Given material:
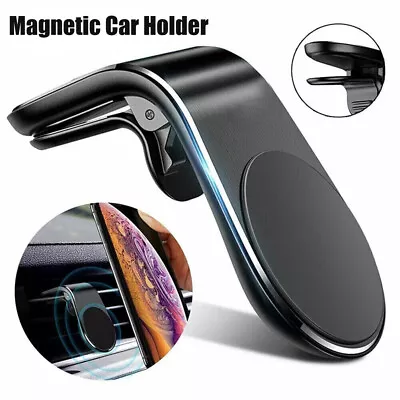 Magnetic Car Phone Holder Stand For GPS Mobile Phone Magnet Mount Accessories • £6.54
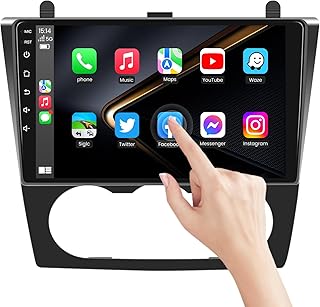 Car Radio for Nissan Altima 2008-2012 with Carplay/Android Auto 9'' Touch Screen Car Stereo Manual AC Android 11 Stereo GPS Navigation WiFi FM AHD 1080P Backup Camera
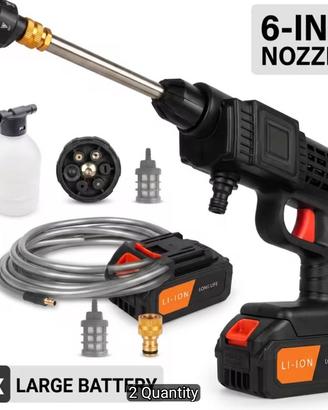 Pistola Idropulitrice ad Alta Pressione Senza Filo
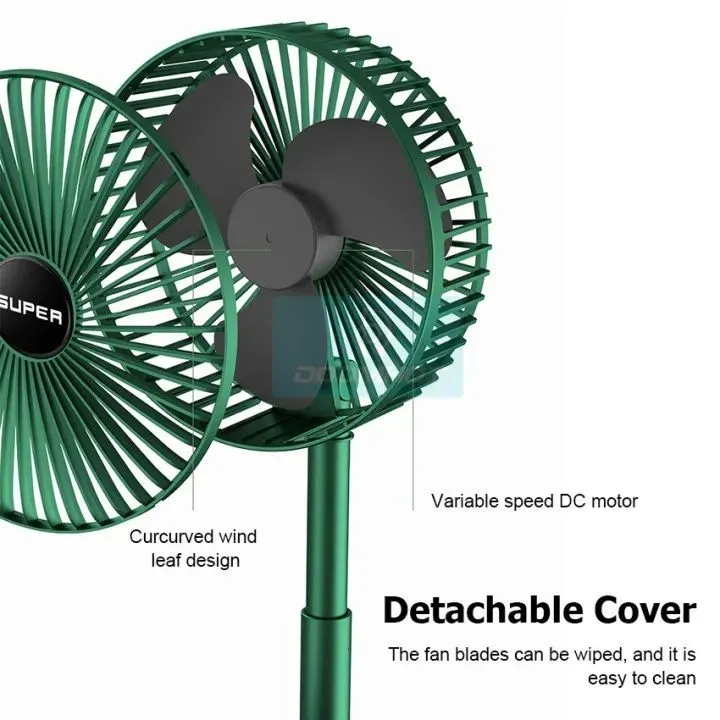 Desktop Foldable Fan Portable Household USB Rechargeable Retractable  Fan Electric Adjustable Low Noise Long Standby Fan -Random Color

Goal of the exercise:
Images stay out, but the rest of the data above must be repeated exactly.

Answer to this problem:
 Magnetic Car Phone Holder Stand For GPS Mobile Phone Magnet Mount Accessories • £6.54
 Car Radio for Nissan Altima 2008-2012 with Carplay/Android Auto 9'' Touch Screen Car Stereo Manual AC Android 11 Stereo GPS Navigation WiFi FM AHD 1080P Backup Camera
 Pistola Idropulitrice ad Alta Pressione Senza Filo
 Desktop Foldable Fan Portable Household USB Rechargeable Retractable  Fan Electric Adjustable Low Noise Long Standby Fan -Random Color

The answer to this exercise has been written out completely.